Colors and Shades of November

Colors and Shades of November

Ronald William Thayer

The photo above is my brother’s senior college photo taken in 1970. He was set to graduate from Kent State in Ohio that year, when state troopers were sent to the campus. I never did understand what that was about. Only the graduates and their parents had been allowed to attend the graduation ceremony, held somewhere, my mother told me several weeks after the event.

I was married, living in Cincinnati with my ten month old son, Chris. On the second Sunday of July, my mother called with the news that Ron had been in a motor vehicle accident during the night, and was hospitalized with a traumatic brain injury. He never regained consciousness and died on July 31st. I had been looking forward to getting to know him as an adult instead of an annoying kid.

Today would have been his 72nd birthday.  Happy Birthday, Ron.

                                                            ∼∼∼

Last month, I optimistically started an online painting / mixed media course and got through the first few videos on practicing with the materials. At the same time, I was trying to get some things repaired around the house. I replaced the cracked windshield I had driven with for two years.

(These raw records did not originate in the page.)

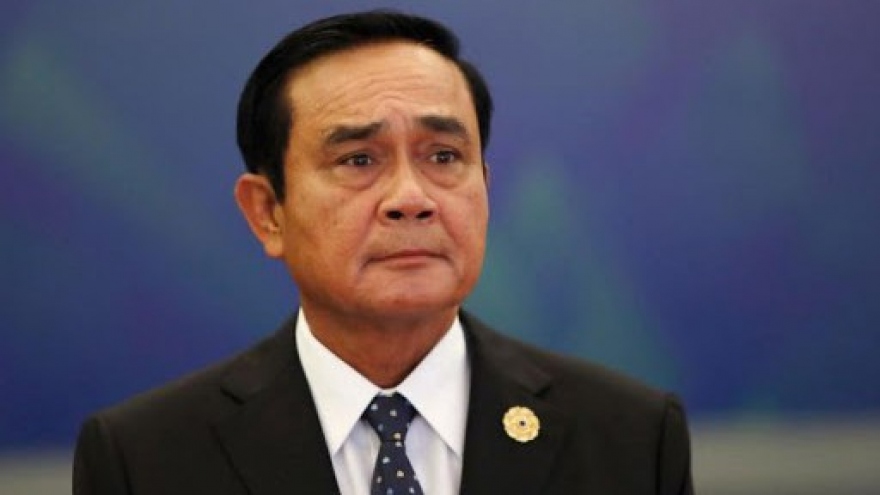 Thủ tướng Thái Lan kêu gọi giới tài phiệt giúp đỡ chống dịch Covid-19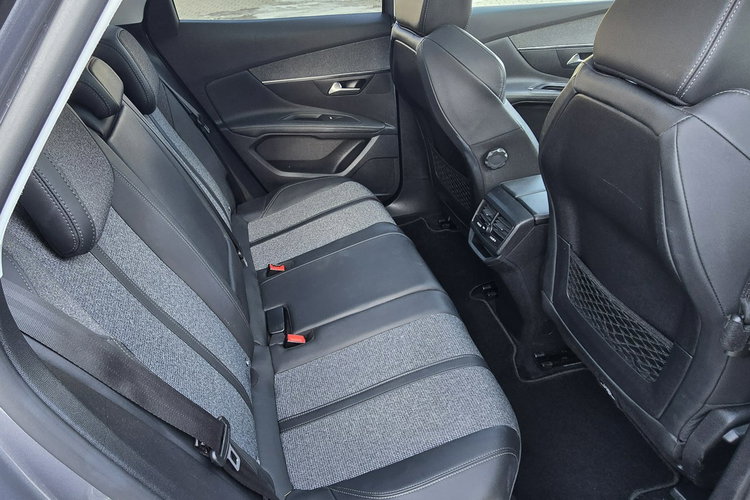 Peugeot 3008 1.2Turbo Benz. Kam.Cof.360s.Navigacja.Panorama Dach.Czytanie Znaków. zdjęcie 22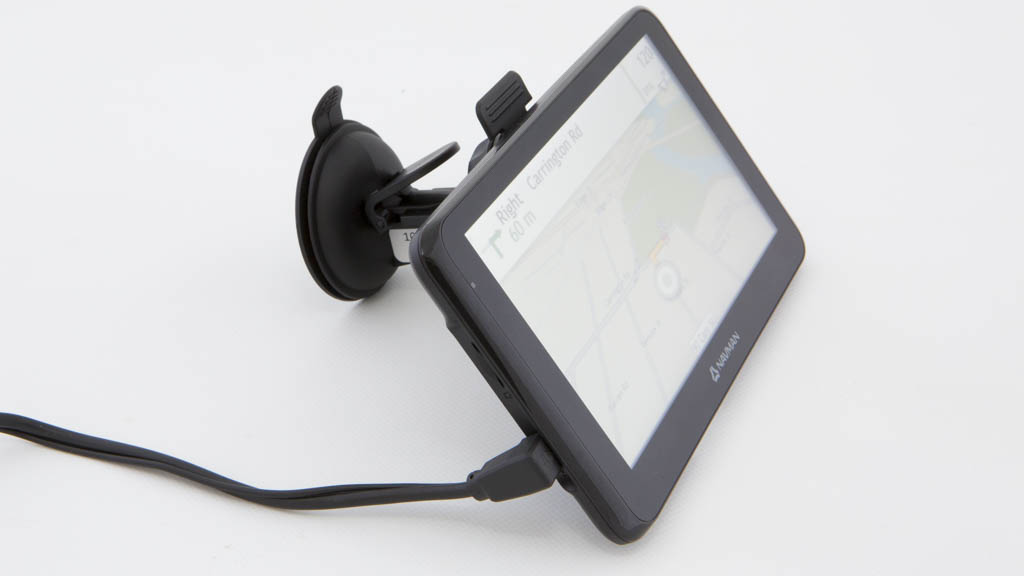 Navman EZY360LMT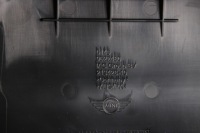 Mini f60 countryman lci корпус накладка колонки рулевого 9344854 с Разборки, фото thumb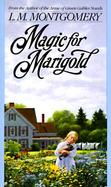 Magic for Marigold cover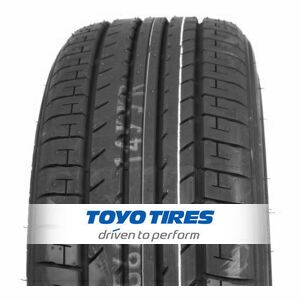 Toyo Proxes R31C band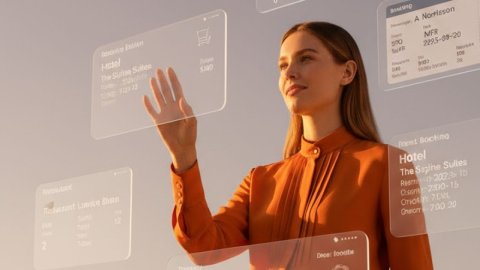 Mastercard lanza Agent Suite para preparar a las empresas para una nueva era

I made arrangements to have a sprinkler line reworked that had broken sometime in 2017. The broken pipe was somewhere under the cement patio that was here when I bought my house in 1997. In the process of the repair person assessing the situation, the broken line was turned on several times, so he could observe where the water was coming from.

The empty fountain

The patio has a built-in fountain with a statue which was working fine when the sprinkler repair man was here, but by the next morning it had totally drained out of water. I couldn’t believe my eyes to see the pump chugging along with no water. I found several soft wet spots on the inside wall of the fountain and two places where I could insert a screwdriver between the floor of the fountain and the side wall.

After the sprinkler line was completed, I began repairing the fountain, patching numerous places in the concrete that seemed soft and the two holes I had found. Some days later, I put sealer on the repairs. Then, I spent a day painting the entire interior of the fountain.

Fountain working again

Since it is November, the trees are coming unglued, which results in a whole new set of garden activities, mainly hauling leaves out to the street for pickup.

Leaves along the path in my garden

In the last two weeks, I’ve washed – outside and inside – most of my 23 windows and three glass-pane doors. Now I’m ready for rain.

Meanwhile, the work table in my studio has accumulated all sorts of items that need to be put away before I can get back to that course I started. There are collage materials I’ve picked up in the yard – pieces of a disintegrating tarp, bird feathers, and wire scraps the repair man left.

There are also books that came in the mail I haven’t had time to look at yet. A promotional gift pack that some little girl would like, but I don’t know who to give it to. A leaf painting from my Thursday art group to finish. Instructions for what to bring to the January Basket Makers meeting.

Under all that are the nine good-size sheets of watercolor paper patiently waiting for me to play on them. I will need to watch that video again.

So, I have actually done some painting this month. Just not the kind of painting I had expected I would be doing.